Grapevine: Murder suspect's incriminating tattoo

Now some fresh pickings from the Political Grapevine...

HRC + QDDR = ?

Apparently one of Hillary Clinton's initiatives as secretary of state did not work out as well as hoped.

Yesterday, the state department launched its second-ever Quadrennial Diplomacy and Development Review (QDDR) a self-assessment of its diplomatic efforts and goals originated under Clinton.

So, one journalist had what appeared to be a pretty simple request for spokeswoman Jen Psaki.

(BEGIN VIDEO CLIP)

MATT LEE, ASSOCIATED PRESS: Off the top of your head, can you just identify one tangible achievement that the last QDDR resulted in?

JEN PSAKI, STATE DEPARTMENT SPOKEPERSON: Well, Matt, obviously it's an extensive, expansive process.

LEE: So, no?

PSAKI: I am certain that those who were here at the time, who worked hard on that effort, could point out one.

(END VIDEO CLIP)

One of the primary goals of the QDDR, when launched in 2010, was to increase accountability at the State Department.

Earlier this month, an inspector general's report revealed the department is responsible for $6 billion in missing or incomplete files over the past six years.

Just Dew It

An elementary school principal in Florida, whose students have done very well on standardized tests for years will have to come up with a new way to do it.

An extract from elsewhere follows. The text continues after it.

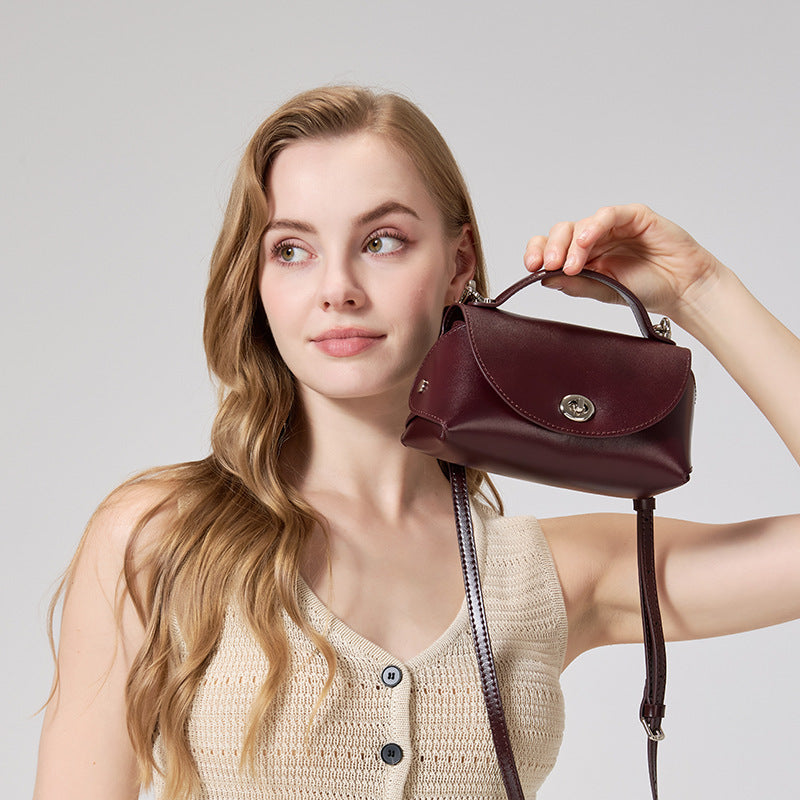 Elegante Leder-Tasche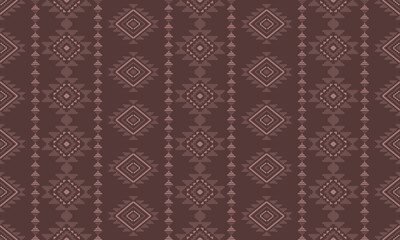 Ancient echoes Aztec geometric abstract seamless patterns southwest Navajo Native American tribal ethnic modern colorful for textile printing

A local TV station reports a parent has objected to the principal's practice of offering students small amounts of Mountain Dew to keep up their energy levels.

The school has consistently been at the top of the class with some of the highest test scores around.

The school says it will stop the practice.

Think Before You Ink

And finally, a man on trial for murder in Kansas is re-thinking his choice of neck tattoo.

Jeffrey Chapman is asking to have the mirror image of the word "murder" removed or covered up by a professional tattoo artist before jury selection starts next week.

Prosecutors do not have a problem with the request, but the sheriff's department does not want to transport Chapman to the tattoo parlor.

Under Kansas law, tattoo artists can only practice in licensed facilities.